We will try to prove this with the technique of mathematical induction process,

For \[n = 1\],

So, now substituting the value of n, we get,

LHS \[ = {x^{2 \times 1}} - {y^{2 \times 1}}\]

\[ = {x^2} - {y^2}\]

\[ = \left( {x + y} \right)\left( {x - y} \right)\]

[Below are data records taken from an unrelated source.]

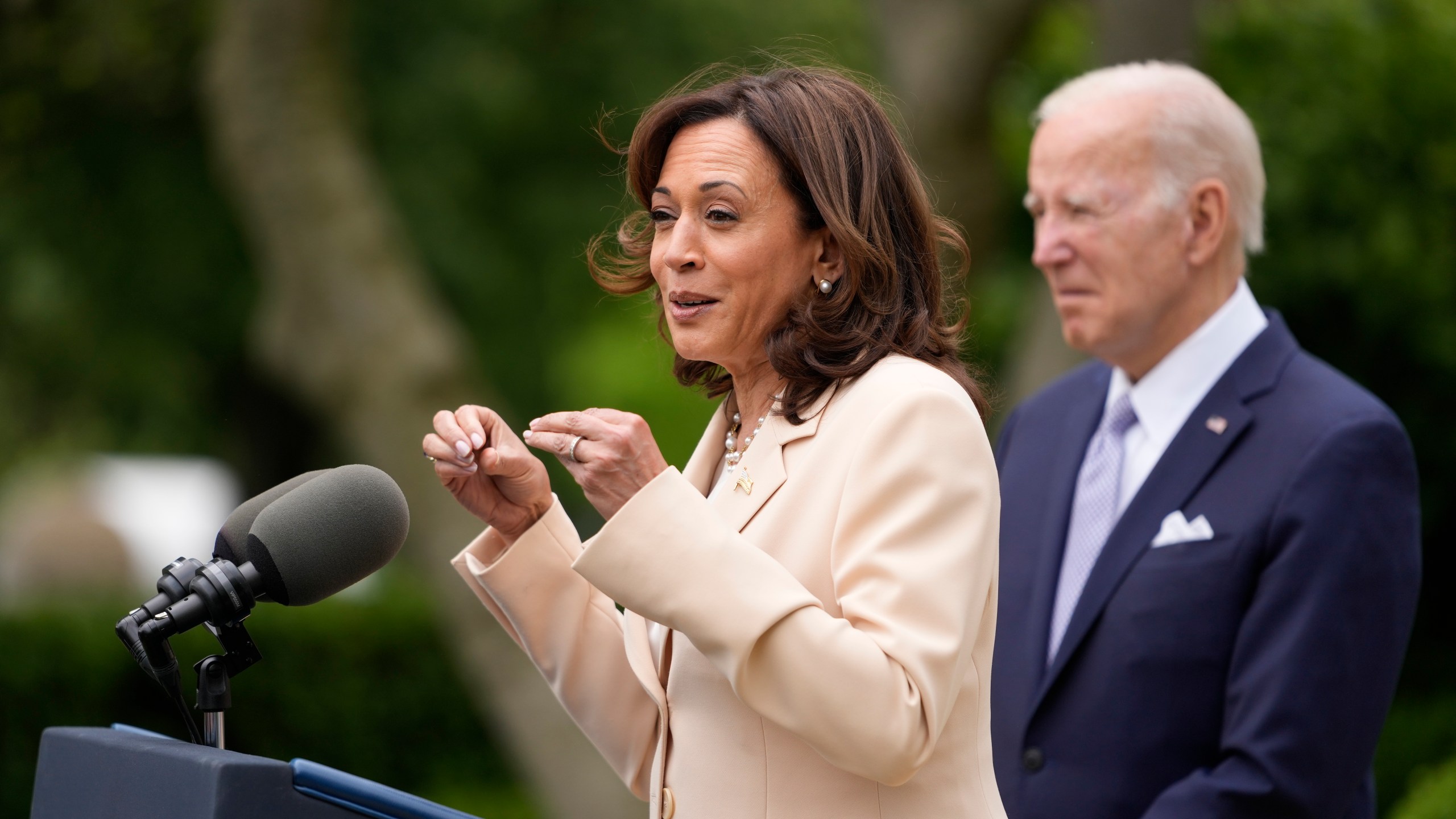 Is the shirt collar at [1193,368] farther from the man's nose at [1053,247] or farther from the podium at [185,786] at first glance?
the podium at [185,786]

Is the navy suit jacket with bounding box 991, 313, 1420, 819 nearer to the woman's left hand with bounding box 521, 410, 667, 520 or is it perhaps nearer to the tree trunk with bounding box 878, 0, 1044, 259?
the woman's left hand with bounding box 521, 410, 667, 520

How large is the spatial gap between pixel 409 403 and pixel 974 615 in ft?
16.3

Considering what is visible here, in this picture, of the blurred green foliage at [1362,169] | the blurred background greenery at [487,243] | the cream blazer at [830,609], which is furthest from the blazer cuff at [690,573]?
the blurred green foliage at [1362,169]

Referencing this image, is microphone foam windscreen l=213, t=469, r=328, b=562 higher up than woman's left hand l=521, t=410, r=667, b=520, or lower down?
higher up

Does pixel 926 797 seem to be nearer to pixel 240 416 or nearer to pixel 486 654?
pixel 486 654

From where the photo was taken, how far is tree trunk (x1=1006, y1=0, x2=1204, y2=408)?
4938 mm

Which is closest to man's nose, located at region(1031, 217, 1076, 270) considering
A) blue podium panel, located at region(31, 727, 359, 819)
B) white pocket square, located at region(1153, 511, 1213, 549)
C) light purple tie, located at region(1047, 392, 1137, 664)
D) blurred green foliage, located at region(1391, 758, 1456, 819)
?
light purple tie, located at region(1047, 392, 1137, 664)

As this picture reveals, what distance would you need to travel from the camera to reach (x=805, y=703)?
1.78 meters

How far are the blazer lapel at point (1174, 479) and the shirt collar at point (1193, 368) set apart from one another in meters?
0.04

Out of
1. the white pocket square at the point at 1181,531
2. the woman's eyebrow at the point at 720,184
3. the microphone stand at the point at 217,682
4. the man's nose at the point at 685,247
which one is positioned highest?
the woman's eyebrow at the point at 720,184

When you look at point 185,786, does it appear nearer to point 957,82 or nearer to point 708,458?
point 708,458

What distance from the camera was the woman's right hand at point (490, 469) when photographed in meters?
2.07

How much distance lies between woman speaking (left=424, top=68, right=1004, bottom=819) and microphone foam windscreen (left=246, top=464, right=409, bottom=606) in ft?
0.48

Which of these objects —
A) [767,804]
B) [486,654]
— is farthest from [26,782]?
[767,804] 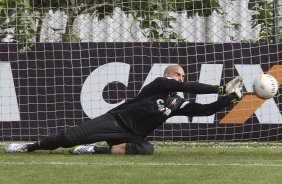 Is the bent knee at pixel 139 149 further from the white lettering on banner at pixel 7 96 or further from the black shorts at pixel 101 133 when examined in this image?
the white lettering on banner at pixel 7 96

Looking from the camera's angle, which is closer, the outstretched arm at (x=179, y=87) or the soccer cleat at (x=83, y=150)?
the outstretched arm at (x=179, y=87)

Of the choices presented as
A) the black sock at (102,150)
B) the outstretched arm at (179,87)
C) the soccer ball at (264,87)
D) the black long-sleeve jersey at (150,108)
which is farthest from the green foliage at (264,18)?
the black sock at (102,150)

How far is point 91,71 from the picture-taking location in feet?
47.4

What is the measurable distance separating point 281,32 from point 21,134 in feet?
14.9

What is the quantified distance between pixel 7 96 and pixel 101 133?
291 centimetres

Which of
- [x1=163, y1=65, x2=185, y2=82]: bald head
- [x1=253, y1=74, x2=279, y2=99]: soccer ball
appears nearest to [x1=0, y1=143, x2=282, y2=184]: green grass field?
[x1=253, y1=74, x2=279, y2=99]: soccer ball

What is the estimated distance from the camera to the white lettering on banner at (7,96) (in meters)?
14.4

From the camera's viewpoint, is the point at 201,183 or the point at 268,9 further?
the point at 268,9

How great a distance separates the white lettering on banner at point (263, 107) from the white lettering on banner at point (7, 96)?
142 inches

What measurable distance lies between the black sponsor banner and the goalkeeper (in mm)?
2163

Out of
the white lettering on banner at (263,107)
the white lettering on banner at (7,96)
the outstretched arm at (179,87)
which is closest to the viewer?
the outstretched arm at (179,87)

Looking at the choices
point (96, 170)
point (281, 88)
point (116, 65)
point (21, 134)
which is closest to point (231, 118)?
point (281, 88)

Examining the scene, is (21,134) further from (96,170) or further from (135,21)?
(96,170)

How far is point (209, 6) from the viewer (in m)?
15.4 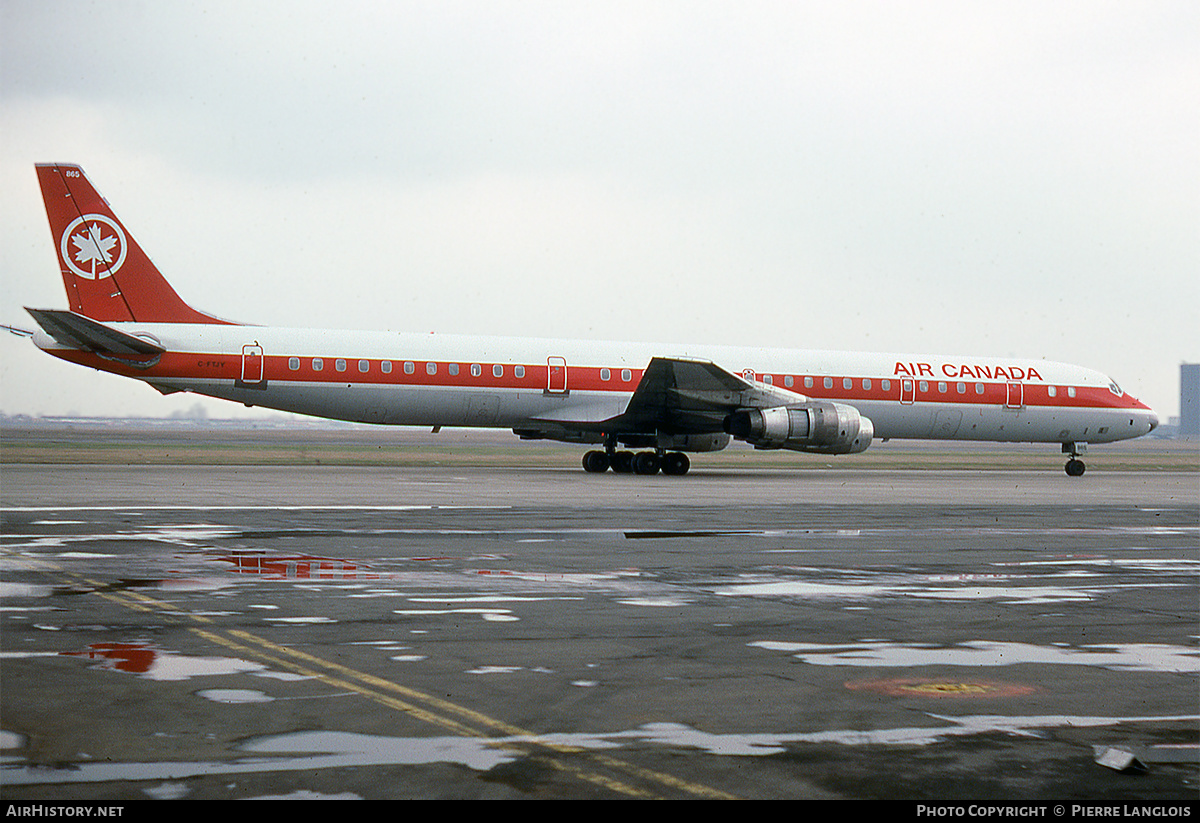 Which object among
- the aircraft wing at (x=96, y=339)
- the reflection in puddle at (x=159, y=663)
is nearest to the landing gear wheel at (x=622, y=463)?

Which is clearly divisible by \[(x + y)\],

So, we get,

∴ \[P\left( n \right)\;\] is true for \[n = 1\],

Now, let us assume,

\[P\left( k \right)\;\]is true.

So, substituting the value of n as k, we get,

\[{x^{2k}} - {y^{2k}}\] \[ = \left( {x + y} \right) \times m\;\] where \[m \in \mathbb{N}\],

Now, our task is to prove this result for \[k + 1\],

We will prove that \[P\left( {k + 1} \right)\;\]is true.

So, now,

LHS, \[ = {x^{2 \times \left( {k + 1} \right)}} - {y^{2 \times (k + 1)}}\]

\[ = {x^{2k + 2}} - {y^{2k + 2}}\]

On using \[{{\text{x}}^{a + b}} = {x^a}.{x^b}\], we get,

\[ = {x^{2k}}.{x^2} - {y^{2k}}.{y^2}\]

Now, as \[P\left( k \right)\;\]is true, we have,

\[{x^{2k}} - {y^{2k}} = \left( {x + y} \right) \times m\;\]

\[ \Rightarrow {x^{2k}} - {y^{2k}} = mx + my\]

\[ \Rightarrow {x^{2k}} = {y^{2k}} + mx + my\]

Substituting the value of \[{x^{2k}}\]in \[{x^{2k}}.{x^2} - {y^{2k}}.{y^2}\], we get,

\[ = ({y^{2k}} + m(x + y)).{x^2} - {y^{2k}}.{y^2}\]

On simplifying we get,

\[ = {x^2}{y^{2k}} + {x^2}m(x + y) - {y^{2k}}.{y^2}\]

On taking \[{y^{2k}}\] common we get,

\[ = ({x^2} - {y^2}){y^{2k}} + {x^2}m(x + y)\]

Taking \[(x + y)\]common, we get,

\[ = (x + y)[(x - y){y^{2k}} + {x^2}m]\]

\[ = \left( {x + y} \right) \times r\]

where, \[r = \left[ {m{x^2} + {y^{2k}}\left( {x - y} \right)} \right]\]

So, now we get, \[P\left( {k + 1} \right)\;\] is true whenever \[P\left( k \right)\;\] is true.

As, p(n) is true for \[n = 1\], \[n = k\;\]and \[n = k + 1\], hence we can say that \[{\text{p(n)}}\] is true\[\forall n \in N\].

Hence, proved.